You've made that point twice in different comments, and I feel it has to be
addressed. Firstly, the inefficiencies you've alluded to here are
inefficiencies of the traditional banking system. Secondly, and most
important, bitcoin IS money, it does not always have to be converted to
something else.

Bitcoin is not necessarily an 'intermediate' currency. For example, if a
person receives bitcoin and a store they want to use accepts bitcoin, then
there is no need for an additional wasteful conversion step. And what if the
store's suppliers also accept bitcoin or some of their staff are paid partly
in bitcoin? What if these people are in different countries? Goodbye foreign
currency exchange fees, remittance fees, bank charges.

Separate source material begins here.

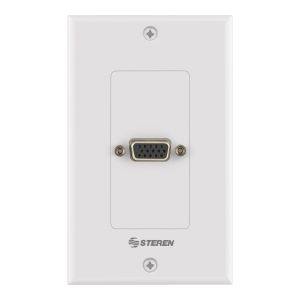 Placa de pared con cople jack a jack VGA (DB15)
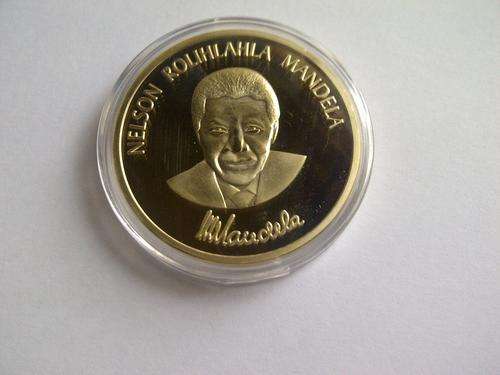 Mandela - Long walk to freedom: Roben Island 1oz 24k Gold Clad coin (1964-1982)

This goal may be unattainable, and the current situation is certainly far from
it, but each time a company like Dell or Newegg announces it accepts bitcoin
payments or a company like Bitwage builds some other part of the ecosystem,
bitcoin becomes a little more useful.

I don't think being paid 100% in bitcoin will be a good idea for most people
any time soon, because they would just have to convert the bulk of it back to
fiat currency. However, receiving a small percentage in bitcoin is quite
practical in some places. A person who receives Bitcoin in the US actually
already has a huge variety of products and services available, without
converting to fiat. For example, have a look at
[https://spendabit.co](https://spendabit.co) and try searching for random
products.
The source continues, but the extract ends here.